Word for word, copy the entire listing below, but do not carry over any pictures.
====== Supplied records
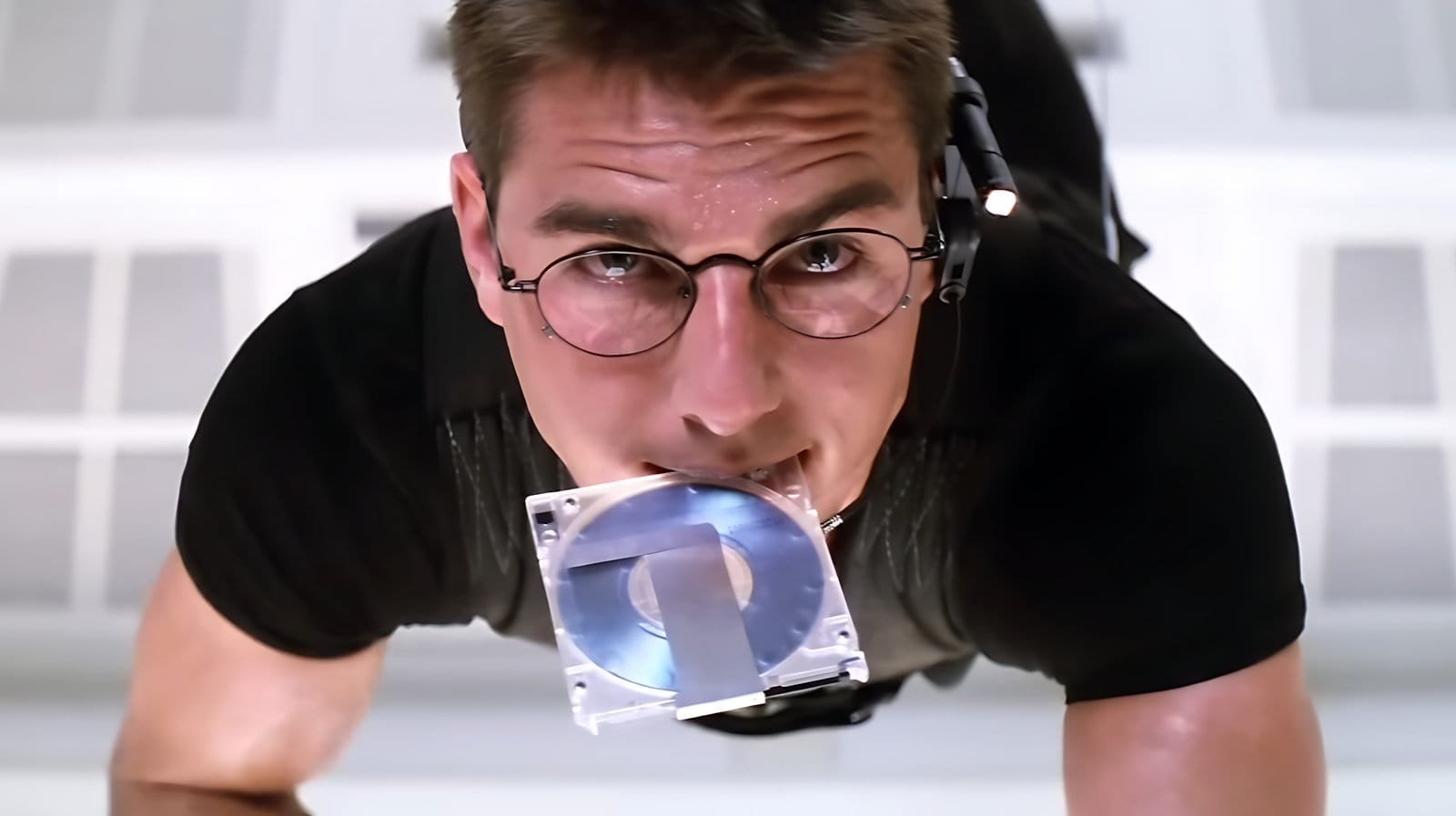 Iconic scene of Ethan Hunt suspended by cables inside the CIA's white vault in Mission: Impossible (1996), played by Tom Cruise.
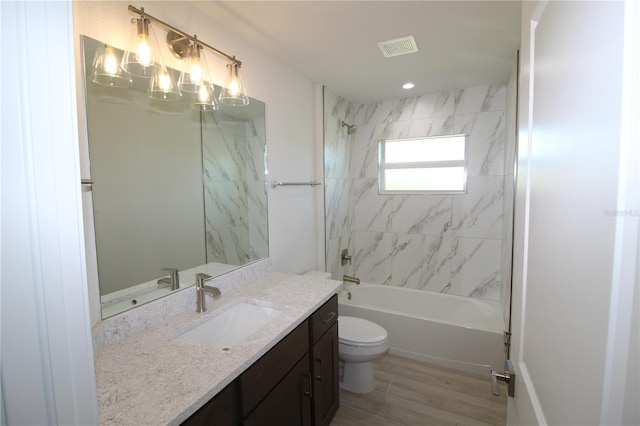 full bathroom featuring vanity, toilet, tub / shower combination, and visible vents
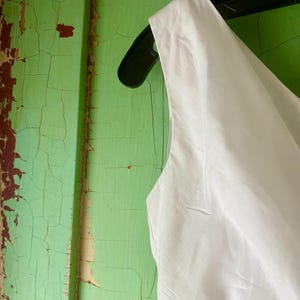 May include: A sleeveless white garment featuring a smooth fabric texture, hanging on a black plastic hanger. The bodice displays a clean, minimalist design with a simple neckline and structured shoulder strap, showcasing a crisp and bright appearance.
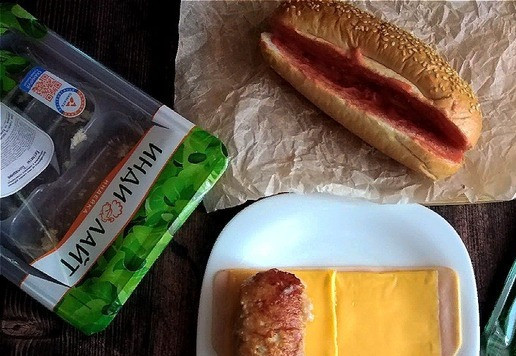 1. Этап. Хот-дог необычный: С края выкладываем обжаренную котлету и заворачиваем рулетиком. Булки разрезаем, недорезая с одной стороны. Обмазываем щедро внутри их кетчупом с майонезом.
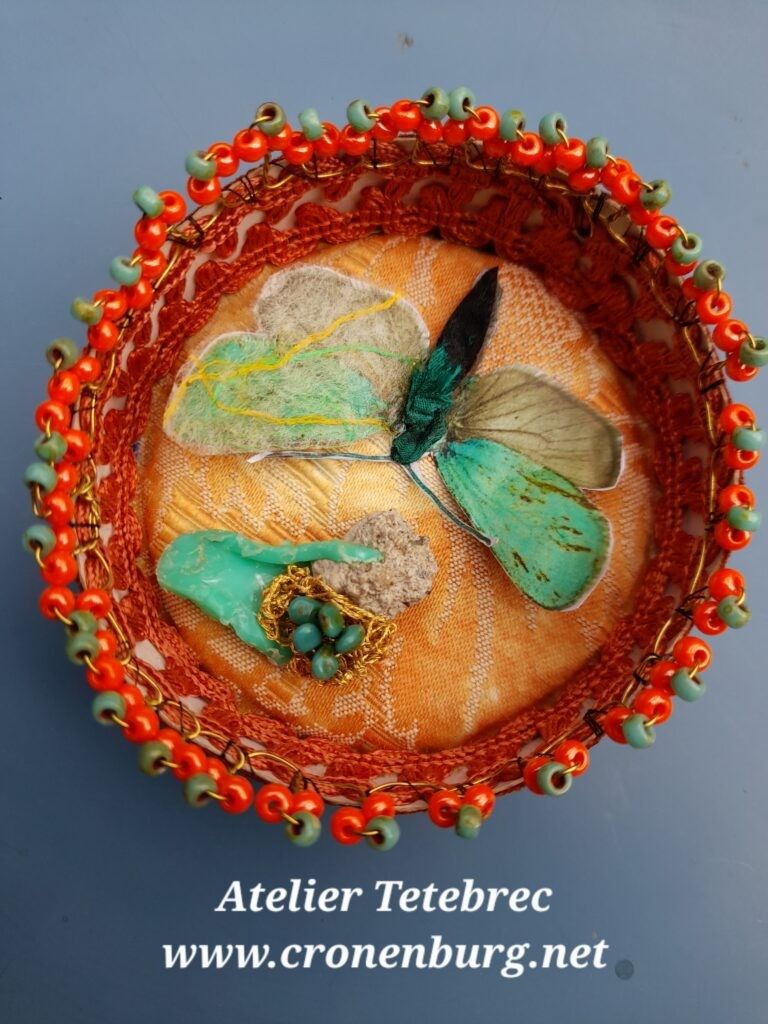 A preciously ornated round cheese box with hand-made perlage and braid in orange and green colour shades. Inside is a green-grey moth, Jordanita subsolana. The wings on one side are hidden under a hand-made gossamer of raw silk, my symbol for vanishing. Once native to Alsace, they are now considered to have disappeared.
A tiny precious element in the same green as the moth is a piece of plastic waste that melted into grey concrete. Glass beads are fixed into a golden crochet "flower".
============
Result of this exercise
 Iconic scene of Ethan Hunt suspended by cables inside the CIA's white vault in Mission: Impossible (1996), played by Tom Cruise.
 full bathroom featuring vanity, toilet, tub / shower combination, and visible vents
 May include: A sleeveless white garment featuring a smooth fabric texture, hanging on a black plastic hanger. The bodice displays a clean, minimalist design with a simple neckline and structured shoulder strap, showcasing a crisp and bright appearance.
 1. Этап. Хот-дог необычный: С края выкладываем обжаренную котлету и заворачиваем рулетиком. Булки разрезаем, недорезая с одной стороны. Обмазываем щедро внутри их кетчупом с майонезом.
 A preciously ornated round cheese box with hand-made perlage and braid in orange and green colour shades. Inside is a green-grey moth, Jordanita subsolana. The wings on one side are hidden under a hand-made gossamer of raw silk, my symbol for vanishing. Once native to Alsace, they are now considered to have disappeared.
A tiny precious element in the same green as the moth is a piece of plastic waste that melted into grey concrete. Glass beads are fixed into a golden crochet "flower".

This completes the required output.